Monday, February 25, 2019

Solilokui Sepeda – Purwanto Setiadi



“Hidup itu seperti bersepeda. Untuk menjaga keseimbangan, kau harus tetap bergerak”
Albert Einstein

Sejak Januari  2017 saya mulai menjalankan hobi bersepeda, total per skr sudah mencapai 3300 km, dimulai dari Polygon, lanjut ke Dahon Roo dan sekarang Dahon Vigor D9. Hampir seluruh wilayah Bandung sudah saya jelajahi, khususnya area Bandung Selatan termasuk Cikoneng, Majalaya dan Soreang bahkan sudah berkali-kali. Sesekali juga merambah di kota lain seperti Jakarta dan juga Garut. Hobi saya memotret pun bisa sekalian dijalankan, termasuk menyatroni gedung-gedung zaman kolonial di Bandung dan di Jakarta. 

Berbagai peristiwa juga pernah saya alami, mulai dari nyaris terserempet bis, masuk parit, terjatuh karena polisi tidur, ban belakang yang mendadak meletus, rantai mendadak lepas di tanjakan. Bukan hanya itu saya juga dua kali nyaris pingsan karena keletihan. 

Berawal dari persahabatan dengan Purwanto Setiadi (yang saya sebut dengan Mas Pur) mantan wartawan senior Tempo yang awalnya dimulai dengan hobi musik yang sama di milis, saya tertarik dengan pengalaman beliau sejak Maret 2015, dan juga sebelumnya pengalaman senior pesepeda lainnya di milis yang sama yakni Gatot Widayanto. Alhamdulillah tulisan-tulisan menarik beliau di fbook kini dibukukan dalam “Solilokui Sepeda”, dan yang bisa dipesan langsung ke beliau. 
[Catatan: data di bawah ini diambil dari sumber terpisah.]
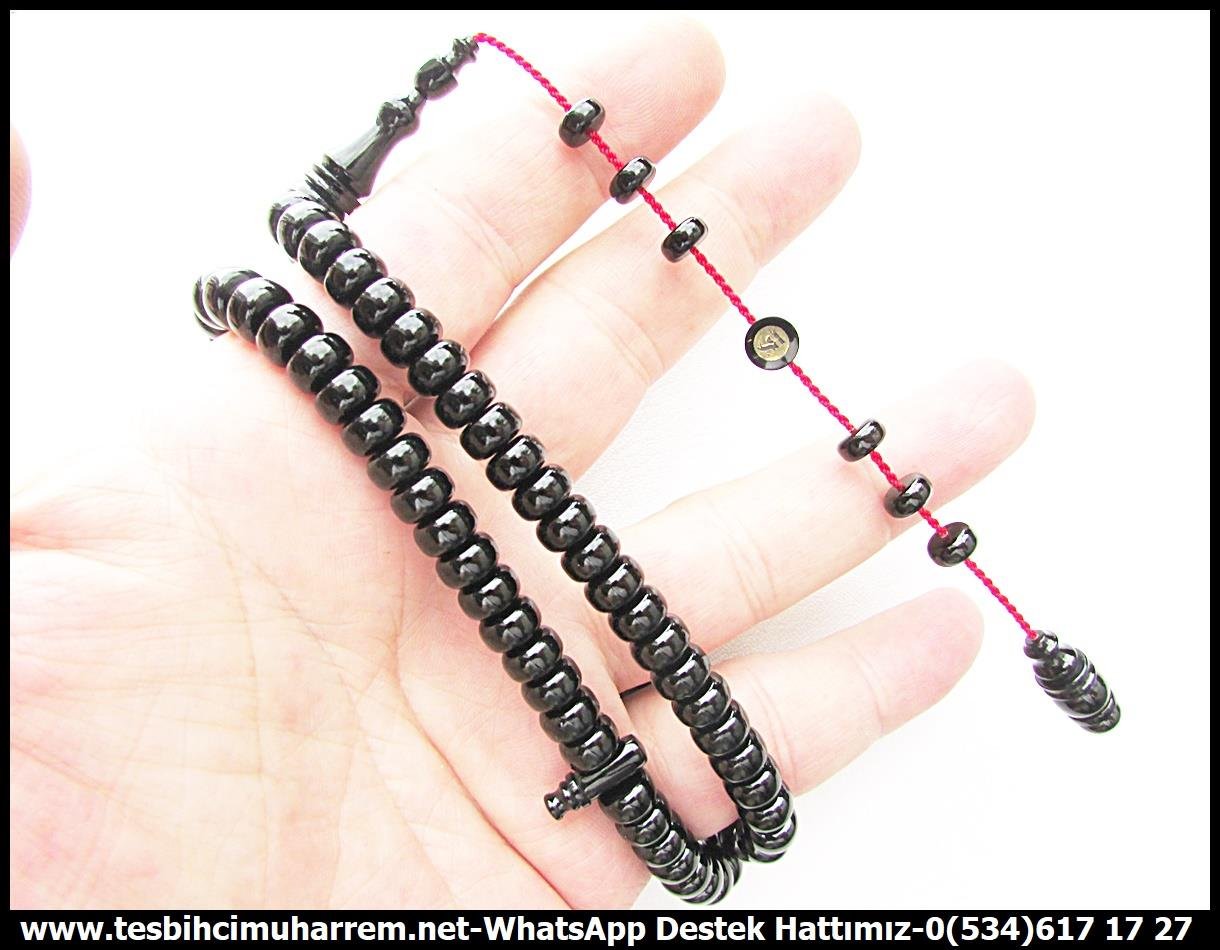 99luk Dua Ve Namaz TesbihatlarıTM13822 Seyyit Babaeski Usta İşçiliği ile Hazırlanan “Berekallah” Tesbih | 99'luk Ateş Kehribar, Kırmızı Renk, Küre Model, Gümüş Püskül TesbihTespih 99'luk Sıkma Kehribar l  Jaguar Siyah Mısır Kesim Hamd Dua Tesbihatı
Buku ini terdiri dari 43 tulisan singkat namun bernas, dan meski tipis banyak sekali mengacu pada berbagai sumber mengenai kebiasaan bersepeda. Beratnya perjuangan di tanjakan yang kerap diakhiri dengan hembusan angin di turunan tergambarkan dengan baik dalam buku ini. Tak lupa penderitaan pesepeda di tengah rimba perkotaan sebagai kasta paling menyedihkan diantara pengguna jalan (karena pejalan kaki sejatinya masih memiliki trotoar). 

Buku yang sangat saya rekomendasikan bagi penikmat sepeda dan digambarkan dalam salah satu bab dalam buku ini mengutip tulisan Trabue di “Surprised Into Flight” yang mengakhiri rutinitas penjara modern (yang kita sebut dengan mobil) yang membatasinya dengan lingkungan jalan disekitarnya sbb “Pintu kerangkeng saya telah terbuka dan di luar, di antara sinar matahari, pepohonan, rerumputan, dan udara segar, sepeda butut seharga USD 20 mengantarkan saya masuk dalam keberadaan dunia ini dan berbagi dalam keanggunannya yang menggirangkan”. 
Bagi saya buku yang hangat ini, sebagaimana sosok Musashi dalam karya Eiji Yoshikawa nan memilih jalan pedang, adalah hadiah bagi setiap sosok yang memilih jalan sepeda sebagai bagian dari hidupnya.